As described above, the number of repetitional operation cycles required for the multiplier 2 to complete the multiplication processing is three. If it is finished to output the memory access prolonging signal 7 at the time when the second cycle of repetitional operation has been finished, therefore, it becomes possible to start the multiplication operation using the data value 3 and the data value 4 from a cycle succeeding the cycle during which the repetitional processing of the third cycle has finished. Furthermore, since the memory cycle for the address 4 and the data 4 has been executed, the CPU 1 can start outputting a succeeding address 5, succeeding data 5, and the MULT1 instruction of the third time.
An embodiment of the present invention has heretofore been described in detail. However, the present invention is not limited to this embodiment. It is a matter of course that various modifications are possible within the range of the technical thought of the present invention.
For example, an embodiment having the data bus 4 separated from the address bus 5 has been described. As a matter of course, however, the present invention can be applied to such a method that an address and data are transferred on a common bus in a time division scheme.

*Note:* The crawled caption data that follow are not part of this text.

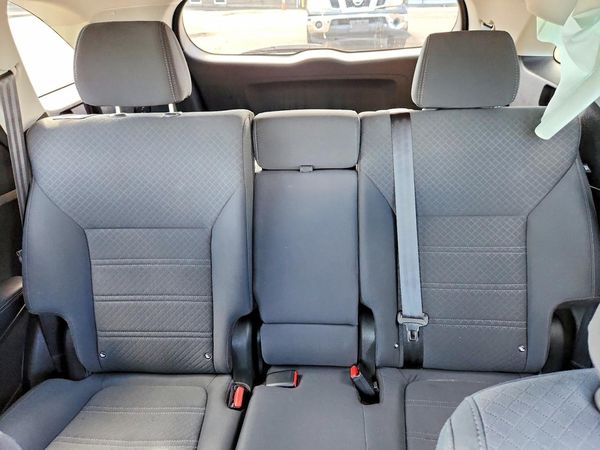 2018 KIA SORENTO L, LX — SUVN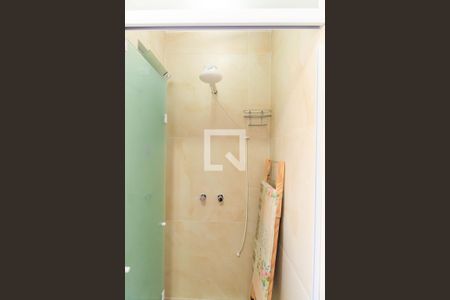 Casa à venda com 250m², 3 quartos e 5 vagas Casa à venda com 250m², 3 quartos e 5 vagasBanheiro de Serviço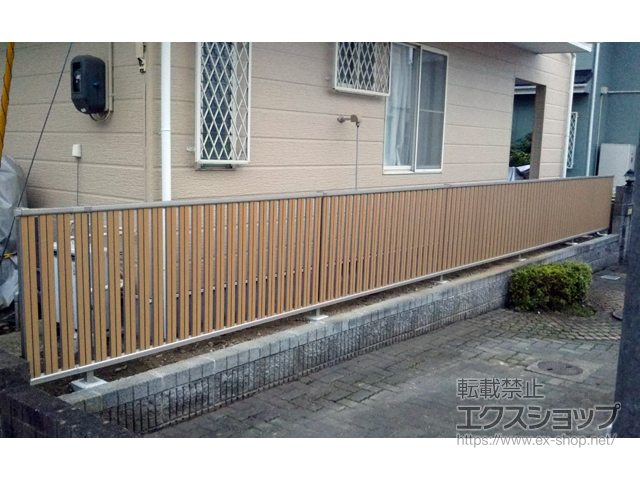 宮城県宮城郡利府町ののフェンス・柵 ルシアスフェンスF03型 たて半目隠し 木調カラー 自由柱施工 施工例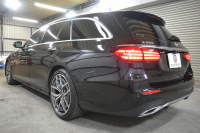 メルセデスベンツ Eクラス E200ﾜｺﾞﾝ ｽﾎﾟｰﾂ BSG搭載 ｴｸｽｸﾙｰｼﾌﾞ AMGﾗｲﾝｲﾝﾃﾘｱ ﾚｰﾀﾞｰｾｰﾌﾃｨP 後期型 MEｺﾈ 全席ﾋｰﾀｰ黒革 ACC AMGｴｱﾛ 電動ﾘｱｹﾞｰﾄ ﾍｯﾄﾞｱｯﾌﾟﾃﾞｨｽﾌﾟﾚｲ ﾌﾞﾙﾒｽﾀｰS 地ﾃﾞｼﾞ360ｶﾒﾗ 2年保証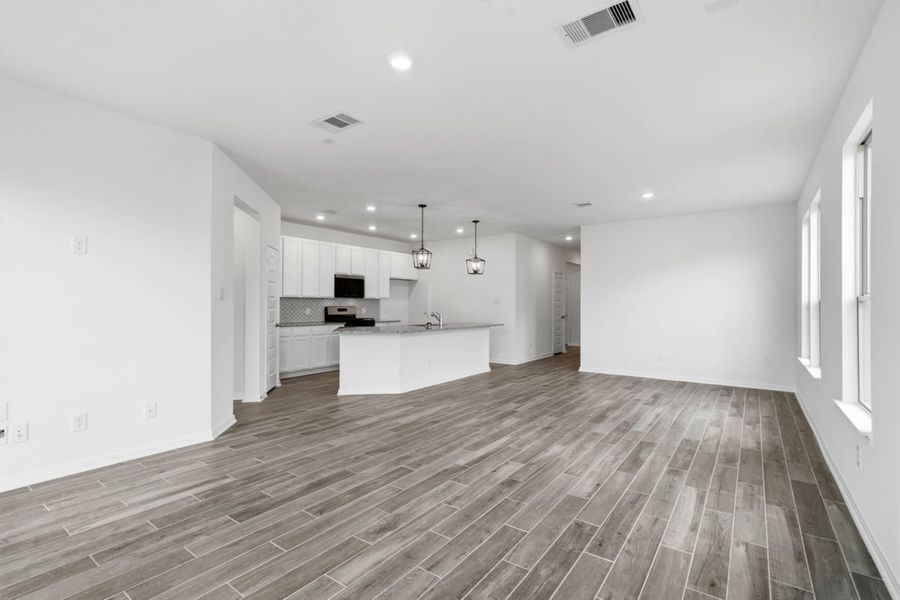 Spacious, unfurnished interior of a new home in Mustang Ridge, Magnolia (Image 12). Spacious, unfurnished interior of a new home in Mustang Ridge, Magnolia (Image 12).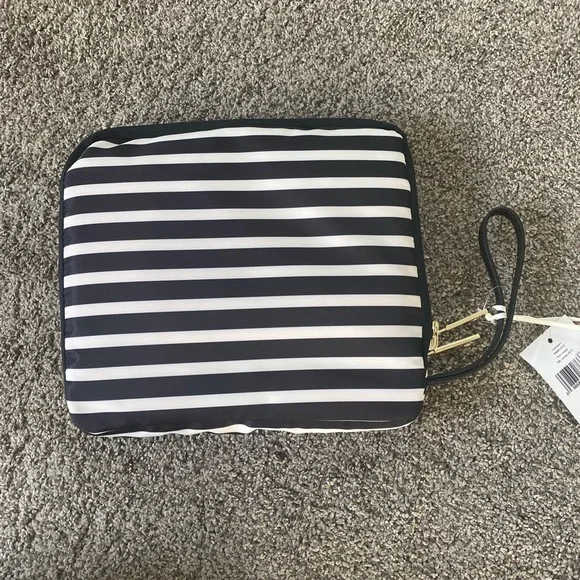 NWT Kate Spade Rosemary Bob voyage tote - Picture 8 of 10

Furthermore, in the present embodiment, the number of cycles required to execute one unit of processing in the multiplier is three. However, it is evident that similar control can be exercised even if the number of cycles is changed.
The present invention is especially suitable for adoption in ASIC (Application Specific IC) having a multiplier, a peripheral circuit and the like designed optimally in order to attain the target performance of the customer maximally.

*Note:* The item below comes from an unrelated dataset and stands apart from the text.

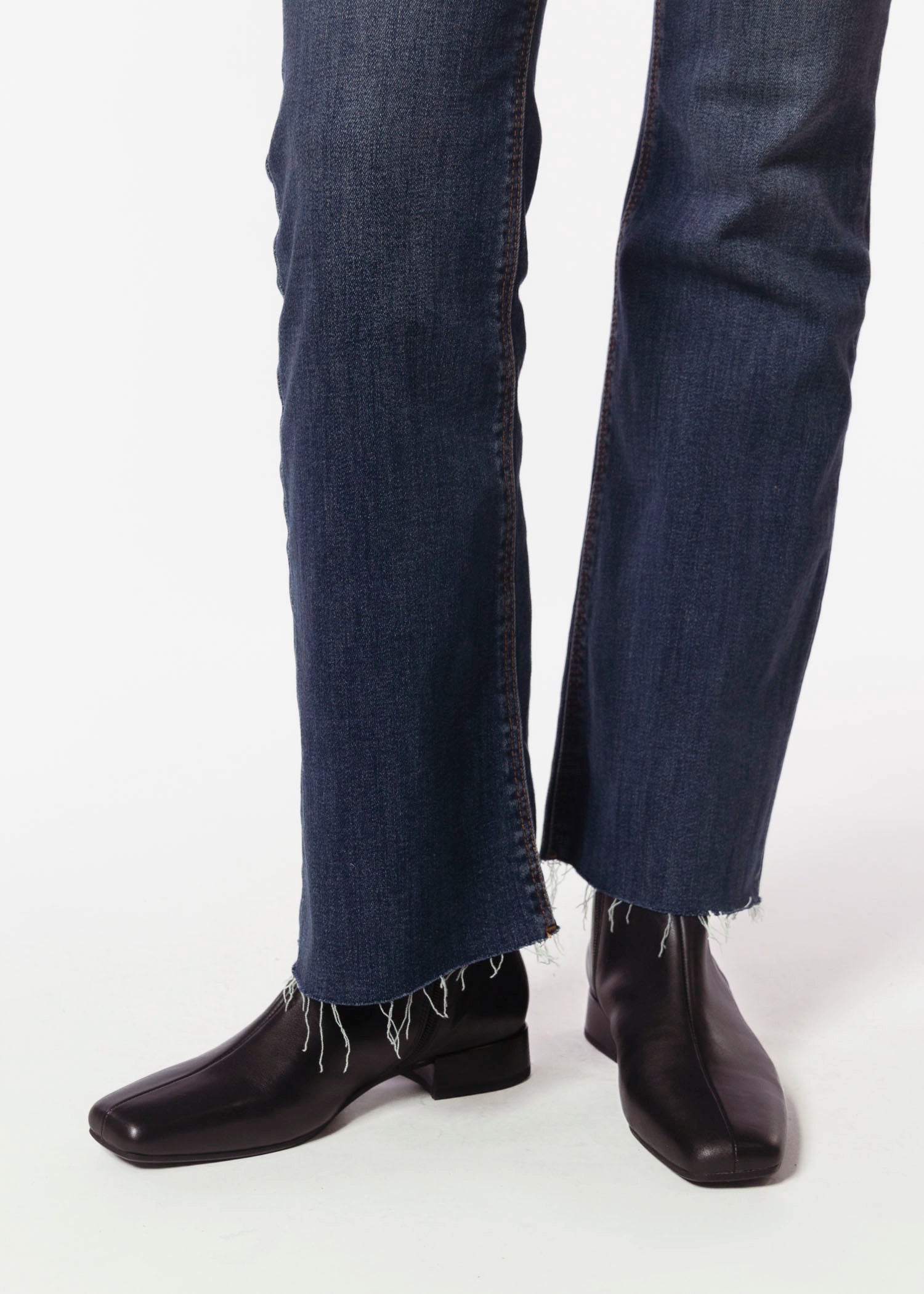 swatch_Black Leather mona boot vagabond shoes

According to the present invention, the multiplier and the CPU can be configured as different modules. Therefore, a multiplier conforming to the target performance can be easily combined with the CPU and used. As a result, the chip size can be minimized according to the target performance. Furthermore, since data transfer between the CPU and the multiplier can be made directly, wasteful bus cycles are not required, resulting in higher speed.